Summary
declining "to exercise supplemental jurisdiction over Plaintiff's remaining state law claims" because "[i]t appears that Plaintiff's remaining claims are state tort claims governed by California law"
Summary of this case from Langer v. Honey Baked Ham, Inc.Opinion
Case No.: 18cv183-MMA (KSC)
02-05-2018
ORDER GRANTING MOTION TO PROCEED IN FORMA PAUPERIS;
[Doc. No. 3]
DISMISSING COMPLAINT PURSUANT TO 28 U.S.C. § 1915(e)(2)(B);
[Doc. No. 1]
AND DENYING AS MOOT MOTION TO APPOINT COUNSEL
[Doc. No. 2]
Plaintiff Manouchehr Riazati ("Plaintiff'), proceeding pro se, has filed the instant action against Defendants Public Storage Inc., PSCC Inc., and Brian Berg (collectively, "Defendants"). See Doc. No. 1. Plaintiff simultaneously filed motions to proceed in forma pauperis ("IFP") and for appointment of counsel. See Doc. Nos. 3, 2.
MOTION FOR LEAVE TO PROCEED IFP
All parties instituting any civil action, suit or proceeding in a district court of the United States, except an application for writ of habeas corpus, must pay a filing fee of $400. See 28 U.S.C. § 1914(a). An action may proceed despite a plaintiff's failure to prepay the entire fee only if she is granted leave to proceed IFP pursuant to 28 U.S.C. § 1915(a). See Rodriguez v. Cook, 169 F.3d 1176, 1177 (9th Cir. 1999). "To proceed in forma pauperis is a privilege not a right." Smart v. Heinze, 347 F.2d 114, 116 (9th Cir. 1965).
A party need not be completely destitute to proceed in forma pauperis. Adkins v.
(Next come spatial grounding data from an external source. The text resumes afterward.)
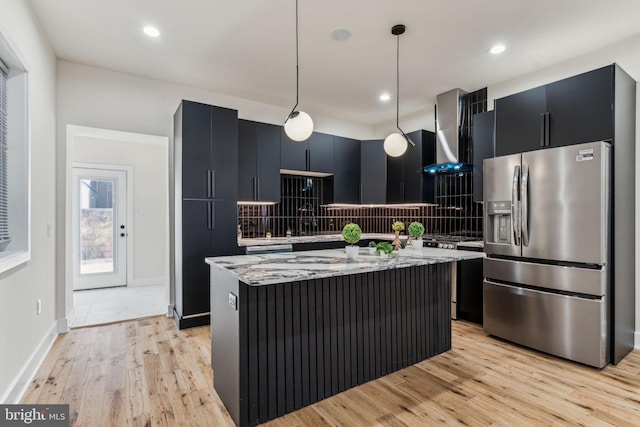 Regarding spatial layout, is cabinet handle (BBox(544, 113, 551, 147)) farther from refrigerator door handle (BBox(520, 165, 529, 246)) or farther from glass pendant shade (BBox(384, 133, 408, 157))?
glass pendant shade (BBox(384, 133, 408, 157))

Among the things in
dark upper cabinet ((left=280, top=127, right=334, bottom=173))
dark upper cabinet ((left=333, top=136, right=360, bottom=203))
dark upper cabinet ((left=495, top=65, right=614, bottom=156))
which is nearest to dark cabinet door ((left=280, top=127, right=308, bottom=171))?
dark upper cabinet ((left=280, top=127, right=334, bottom=173))

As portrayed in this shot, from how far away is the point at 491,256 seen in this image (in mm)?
3324

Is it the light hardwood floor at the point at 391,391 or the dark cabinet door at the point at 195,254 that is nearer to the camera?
the light hardwood floor at the point at 391,391

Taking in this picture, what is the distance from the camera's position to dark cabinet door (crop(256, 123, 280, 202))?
439 cm

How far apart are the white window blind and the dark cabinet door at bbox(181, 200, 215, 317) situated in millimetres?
1498

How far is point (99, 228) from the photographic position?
5520 mm

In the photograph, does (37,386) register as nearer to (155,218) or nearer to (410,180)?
(155,218)

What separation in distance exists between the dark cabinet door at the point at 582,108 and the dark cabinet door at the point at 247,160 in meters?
3.22

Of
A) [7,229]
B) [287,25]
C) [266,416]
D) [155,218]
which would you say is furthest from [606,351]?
[155,218]

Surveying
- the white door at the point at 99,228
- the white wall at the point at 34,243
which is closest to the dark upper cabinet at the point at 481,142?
the white wall at the point at 34,243

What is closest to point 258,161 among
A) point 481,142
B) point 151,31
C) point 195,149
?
point 195,149

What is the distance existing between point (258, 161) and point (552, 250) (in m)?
3.34

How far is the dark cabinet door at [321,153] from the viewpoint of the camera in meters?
4.90

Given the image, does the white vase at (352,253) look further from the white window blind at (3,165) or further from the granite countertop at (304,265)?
the white window blind at (3,165) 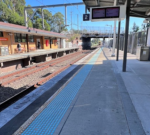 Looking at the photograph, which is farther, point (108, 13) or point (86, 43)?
point (86, 43)

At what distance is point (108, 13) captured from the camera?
636 centimetres

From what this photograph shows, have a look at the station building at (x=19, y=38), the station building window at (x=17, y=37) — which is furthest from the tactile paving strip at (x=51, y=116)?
the station building window at (x=17, y=37)

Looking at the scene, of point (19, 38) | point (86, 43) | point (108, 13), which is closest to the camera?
point (108, 13)

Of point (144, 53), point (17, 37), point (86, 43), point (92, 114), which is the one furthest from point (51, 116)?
point (86, 43)

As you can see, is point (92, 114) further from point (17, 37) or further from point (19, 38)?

E.I. DuPont de Nemours & Co., 335 U.S. 331, 339-40 (1948). But "the same even-handed care must be employed to assure that federal funds are not squandered to underwrite, at public expense, either frivolous claims or the remonstrances of a suitor who is financially able, in whole or in material part, to pull his own oar." Temple v. Ellerthorpe, 586 F. Supp. 848, 850 (D.R.I. 1984).
Here, Plaintiff submits an affidavit which indicates that he has not received any income from employment during the past twelve months. See Doc. No. 3 at 1. Plaintiff reports that he receives $337.00 per month in public-assistance funds. See id. at 2. Plaintiff indicates that he owns no real property or other assets, but claims that his monthly expenses total $334.00. See id. at 4-5. The Court finds that the IFP application sufficiently indicates that Plaintiff cannot afford to pay the filing fee. Accordingly, the Court GRANTS Plaintiff's motion for leave to proceed IFP.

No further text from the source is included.